## Stored data
=== Section Start ===

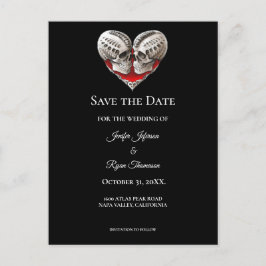 Gothic Halloween-Hochzeit Save-the-Date Postkarte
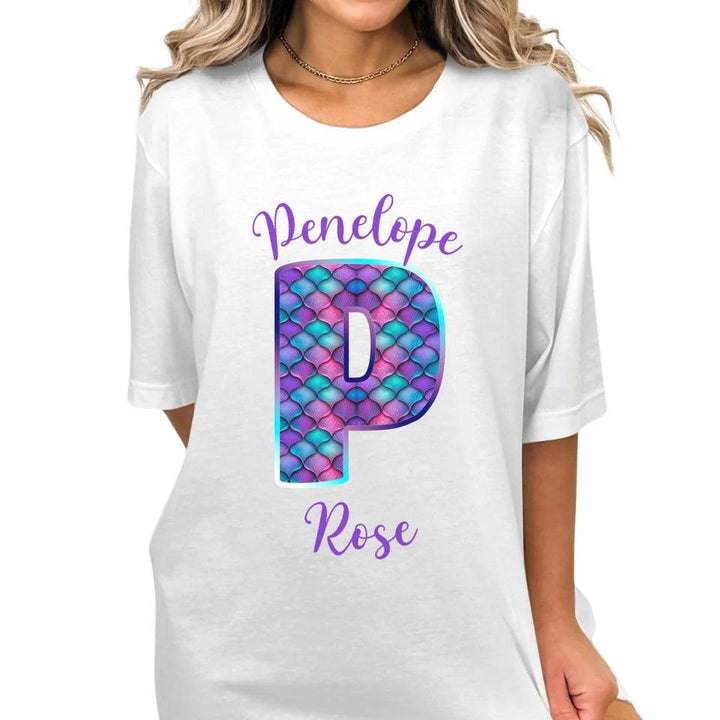 Custom Mermaid Alphabet T-Shirt - ART-TSH196 - ARTFULANE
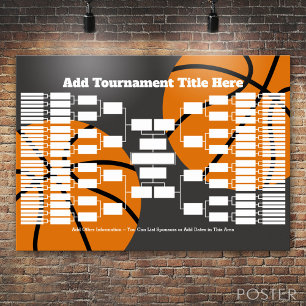 Basketball Tournament Bracket - 64 team Poster
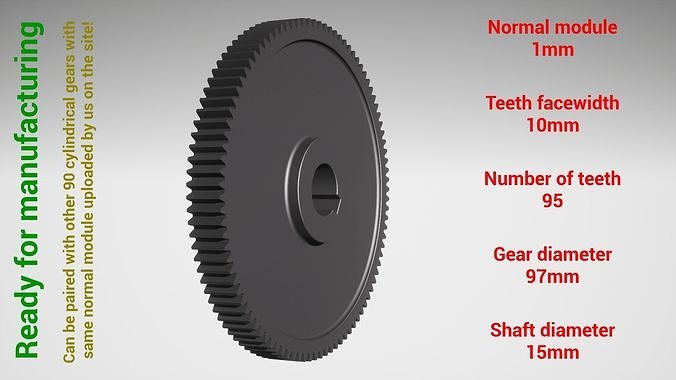 Cylindrical gear - paired - z95 m1 D97 d15 3D print model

=== Section End ===

## Your goal
Your response must consist of the material above, reproduced word for word, with the images omitted.

## Result for this task
 Gothic Halloween-Hochzeit Save-the-Date Postkarte
 Custom Mermaid Alphabet T-Shirt - ART-TSH196 - ARTFULANE
 Basketball Tournament Bracket - 64 team Poster
 Cylindrical gear - paired - z95 m1 D97 d15 3D print model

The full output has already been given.